Although singling out Buzzcocks rather than, say, Heat magazine or the Daily Mail seems a little strange.

Although you might wonder if - since Buzzcocks sits on the watershed-side of the schedule - the problem is less about what is happening on television programmes aimed at adults, and more at why parents are allowing their kids to watch such programmes. And if older children are watching the shows, then surely by then they should be able to understand the rules whereby 'real life' isn't like 'a game show presented by Simon Amstell' - and if they can't... well, that would be back to the people who should be teaching them the skills to tell the difference, wouldn't it?


5 comments:

Codepope said...

What gets me is the selection of "They Think It's All Over", a show which finished it's run in 2006. Finger on the pulse these teachers.

Mikey said...

"Although you might wonder if - since Buzzcocks sits on the watershed-side of the schedule - the problem is less about what is happening on television programmes aimed at adults, and more at why parents are allowing their kids to watch such programmes. And if older children are watching the shows, then surely by then they should be able to understand the rules whereby 'real life' isn't like 'a game show presented by Simon Amstell' - and if they can't... well, that would be back to the people who should be teaching them the skills to tell the difference, wouldn't it?"
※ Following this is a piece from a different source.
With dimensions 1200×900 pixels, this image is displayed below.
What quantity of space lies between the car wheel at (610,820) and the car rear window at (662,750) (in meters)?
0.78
Entirely correct. I would have liked to have posted something along these lines under this story but your last paragraph sums up my views more elegantly & succinctly than I ever could.

James said...

Having watched Buzzcocks on and off for several years, I can't help but think they're late with this statement. Their description of the show as a basic insult-fest might have fitted four years ago when Lamarr was host, bellowing his autocued death-threats at Geri Halliwell each week, but Amstell's style is far more subtle. His put-downs are inspired off-the-cuff remarks in response to something someone's said (Fiona Phillips: "This doesn't happen on GMTV!" Simon: "Nothing happens on GMTV!"). And I can't think of a time when he's been reduced to making a joke about someone's "size or the perceived sexuality". He's waaay better than that.

Crumbs, this is the biggest sign yet that Big Brother is in trouble; It comes to something when it can't even be blamed for corrupting the nation's youth any more.

Hang on, isn't the average Shakespeare play laden with insults (so much so that people have written whole minature point-of-sale £3.99 books full of them)? Will the NUT be calling on them to be toned down too?

Anonymous said...

They repeated an episode of NMTB the other day on Dave (yes) with Mark Lamarr presenting and Simon Amstell as a guest. Bloody weird it was.

Amstell proved just how wonderfully charismatic and witty he can be without a script: clearly bored, uncomfortable and near-silent throughout.

Ben.H said...

That's right anonymous, because the panellists never, ever have written responses prepared for them in advance on these comedy quiz shows, just the hosts.

If I found myself sitting near Lamarr I'd be bored, uncomfortable and near-silent too.